I've got half a computer in my basement, and I'm thinking of putting the necessary parts back in to it (I've got it's original 1.2GB drive, just need to put it back in the machine, I need a new floppy and CD-ROM drive.  I have a network card already--not installed).

It's a Pentium 100 with 24 MB of RAM and it CAN have a 1.2GB hard drive.  What I want to know is what can I do with it?  I still want to keep it (so giving it away is not an option), and I already have a router, so I don't need that.
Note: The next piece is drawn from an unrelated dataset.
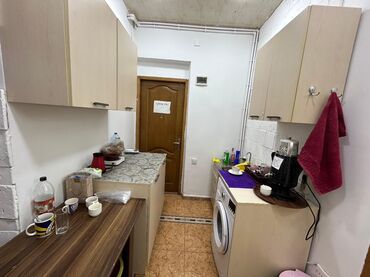 Salon, tibbi mebel dəsti: Bakı şeheri Nerimanov rayonu Nerimanov metrosu yaxınında 85 kv — 8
Does anyone have any ideas on what function this machine can have? (Installing Gentoo is not really an option, due to lack of, lets say, a couple of eternities to compile stuff on it)

----------

## pjp

Well, with 40MB of additional RAM, you could install Gentoo on it.  There is a thread that discusses how to compile on one machine for another too.  You could use it as a firewall.

----------

## evaner

Aww, but RAM for that beast would cost money (plus all the SIMM slots are taken up by 2 4Ms and 2 8Ms.  I guess if I could come across some 32Ms cheap, I could have 72MBs...  Remember SIMMs?) but anyhoo...

Yeah, a firewall sounds okay, but I think my router has that covered...

Anyone know of a place that'll sell me SIMMs cheap cheap cheap?

----------

## pjp

What is the maximum size your board will accept?  I use to have some lying around.  WIll have to dig them up to see what I've got.

----------

## evaner

Ah, if AST was ever good at something, it was providing technically detailed user manuals!

Okay, the machine can take up to 128MB (4x32MB).  No more.

It needs to be 72-pin tin-plated, 32 bits, single or double sided, +5V, 70 ns or faster (there's 70 and 60ns in there now, the 70 will go so 60ns or faster is preferable)

I don't think a firewall is very useful though in my configuration right now... but I can still think of something else!

----------

## pjp

I'll see what I can dig up.  If I've got some, pay for the postage, and their yours.  Let me make sure first.  I'll PM you later today.

----------

## therobot

you can find old ram for pretty cheap, i got some old simms for very little.

----------

## evaner

Well, I don't know what I'm going to do with it... I am able to get a floppy drive for free (provided I take it out of a machine and provided it works) and a CD-ROM drive isn't necessary if I can get networking to work (ne2k PCI, pretty generic)   :Very Happy: 

I still need a purpose for this machine.  I was thinking as an always-on webserver, ssh server, etc... possibly with an X server running (if I can get away with it)... but come on!  I want some strange ideas here!!   :Idea: 

----------

## rac

 *evaner wrote:*   

> Well, I don't know what I'm going to do with it... I want some strange ideas here!!  

 a junkbuster proxy

a secure syslog server

a backup coordinator

a DNS cache

----------

## GVSUScott

Depending on how electrically inclined and how much work you want to do, you can do almost anything with a serial port.

-Control the lights in your house.

-Set up a security system with a motion activated web cam.

-Make it into one big alarm that controls all your house's functions, air, heat, water heater, and makes breakfast in the morning.  Probably the energy you save by turning things off will be taken by the computer running.

-Stick a TV card/DVD in it, hook it up to your TV and have it be a TVio, DVD player and magical Test Pattern Generator, with maybe a robotic arm to load your DVDs from your shelf and a IR Remote.

-Doorstop that welcomes visitors.

Hope those were weird enough of ideas for you.

----------